* _WHAT THE EXERCISE ASKS_: Your task is to repeat the records exactly from the line containing "The Tarot Of Curious Creatures" onward, through the final line.

======== MATERIAL TO PROCESS ========

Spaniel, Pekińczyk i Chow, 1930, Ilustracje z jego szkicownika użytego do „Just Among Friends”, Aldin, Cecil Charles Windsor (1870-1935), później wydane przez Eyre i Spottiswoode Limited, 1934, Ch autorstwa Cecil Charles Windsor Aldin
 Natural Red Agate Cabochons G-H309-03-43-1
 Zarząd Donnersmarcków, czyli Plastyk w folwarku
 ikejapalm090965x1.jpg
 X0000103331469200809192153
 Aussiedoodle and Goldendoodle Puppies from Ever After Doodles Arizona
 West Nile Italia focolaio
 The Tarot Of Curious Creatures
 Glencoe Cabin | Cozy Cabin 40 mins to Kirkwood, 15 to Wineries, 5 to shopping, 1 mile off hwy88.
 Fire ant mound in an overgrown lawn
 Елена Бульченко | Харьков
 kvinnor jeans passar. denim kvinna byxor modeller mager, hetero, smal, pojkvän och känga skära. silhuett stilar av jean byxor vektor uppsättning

========

* _REPLY_:
 The Tarot Of Curious Creatures
 Glencoe Cabin | Cozy Cabin 40 mins to Kirkwood, 15 to Wineries, 5 to shopping, 1 mile off hwy88.
 Fire ant mound in an overgrown lawn
 Елена Бульченко | Харьков
 kvinnor jeans passar. denim kvinna byxor modeller mager, hetero, smal, pojkvän och känga skära. silhuett stilar av jean byxor vektor uppsättning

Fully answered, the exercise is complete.